Selasa, 25 November 2008

BRR Harus Tuntaskan 746 Rumah Terbengkalai di Simeulue

Analisa , 5 September 2008

Badan Rehabilitasi dan Rekonstruksi (BRR) NAD-Nias, harus menuntaskan terlebih dahulu realisasi atas pembangunan bantuan perumahan bagi warga korban bencana alam gempa dan tsunami, sebelum habis masa peralihan kerja ke Pemerintahan Aceh di medio April 2009.

Sebab berdasarkan hasil penulusuran lapangan, diketahui hingga saat ini ada 746 unit bantuan perumahan di Kabupaten Simeulue yang terbengkalai dan tidak dilanjutkan lagi pekerjaannya di lapangan.

“GeRAK Aceh dan Kaukus Pantai Barat Selatan (KPBS) Aceh mendesak BRR untuk segera memperbaiki semua bangunan dan perumahan warga, baik yang rusak pada waktu gempa maupun bencana tsunami sebelum berakhirnya masa kerja BRR NAD-Nias di Aceh. Sementara desain rumah yang harus diterima masyarakat perlu dilakukan perancangan bangunan yang tahan gempa, sebab wilayah Simeulue adalah salah satu kawasan yang rawan dengan bencana,” ujar TAF Haikal, Jurubicara KPBS Aceh, kepada wartawan di Banda Aceh, Kamis (4/9).

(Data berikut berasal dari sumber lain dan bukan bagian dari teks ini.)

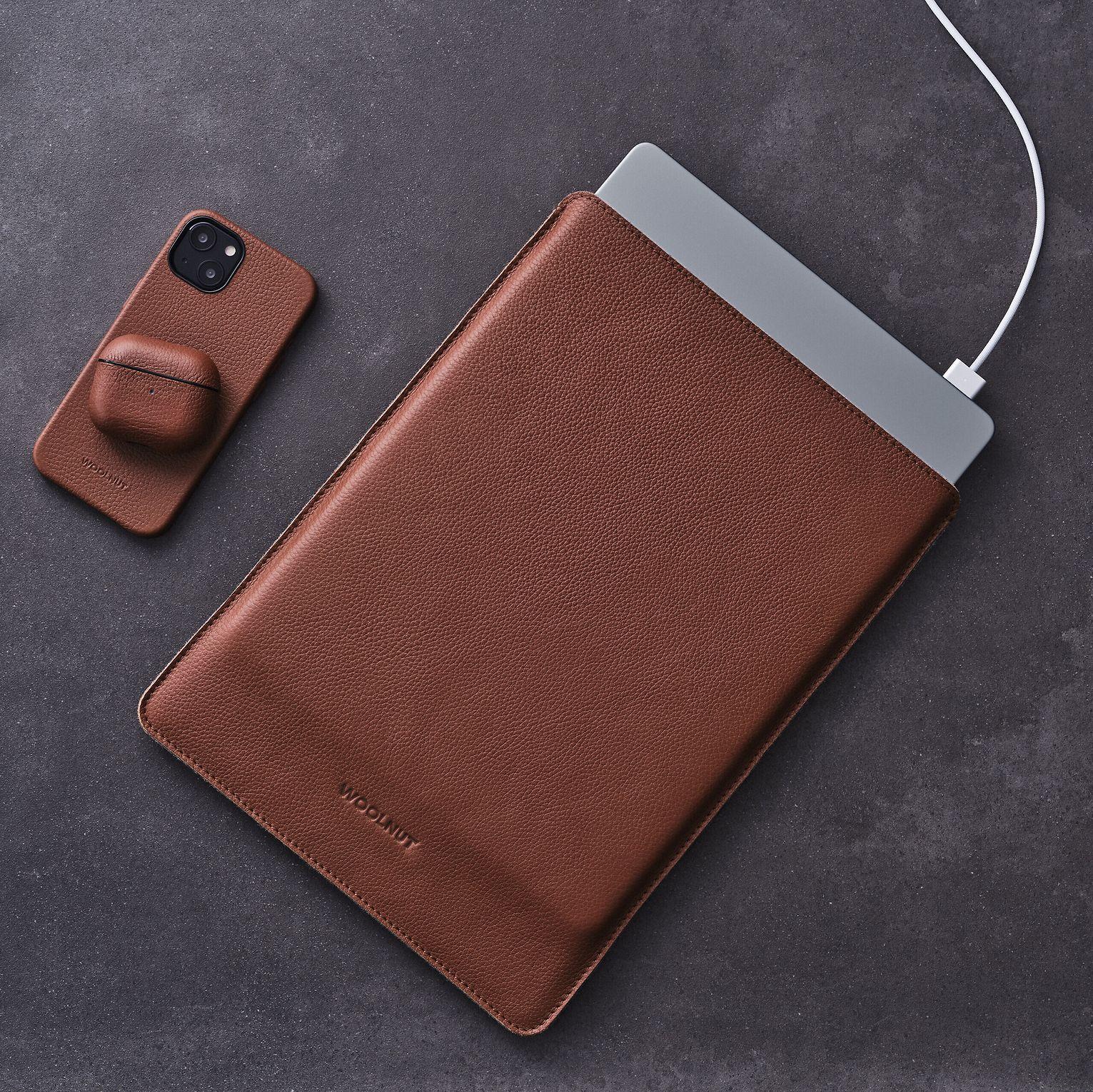 Woolnut Leather Sleeve -suojatasku 14 MacBook Pro, konjakki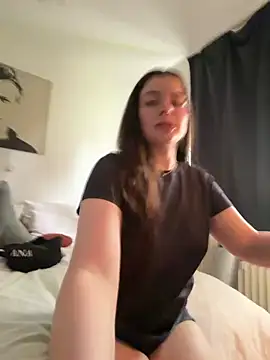 Chat +18 de EllyNora ao vivo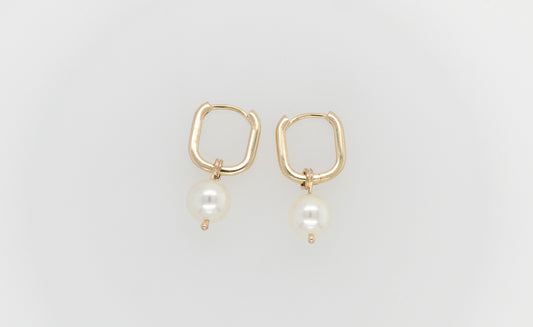 Akoya Pearl Huggies 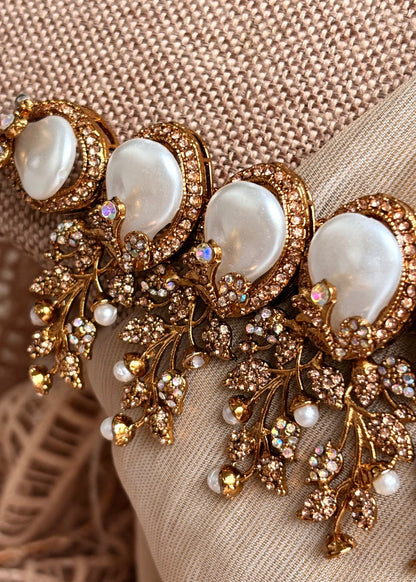 Elegant Metal Choker Jewellery Set Online in KSA Riyadh Saudi Arabia Oman Bahrain Qatar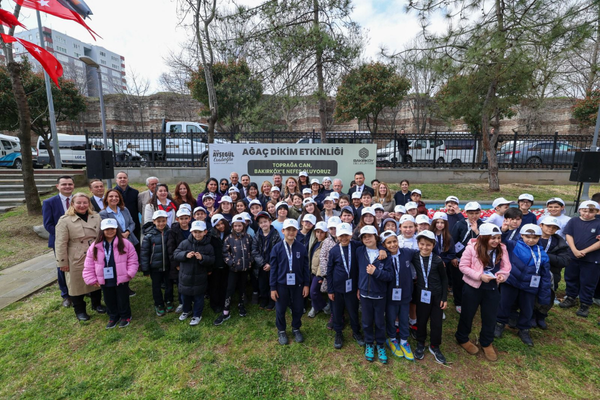 Bakırköy’de öğrencilerle ağaç dikim etkinliği düzenlendi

Dijelaskannya, berdasarkan hasil monitoring atas pembangunan perumahan di wilayah Simeulue yang ditemukan Badan Pekerja Gerakan Anti Korupsi (GeRAK) Aceh dan KPBS, diketahui bahwa khusus di wilayah Simeulue, realisasi atas pembangunan bantuan kepada masyarakat cukup lambat dan sangat memprihatinkan, padahal diketahui daerah tersebut merupakan daerah terparah kejadian bencana baik tsunami maupun gempa-gempa susulan.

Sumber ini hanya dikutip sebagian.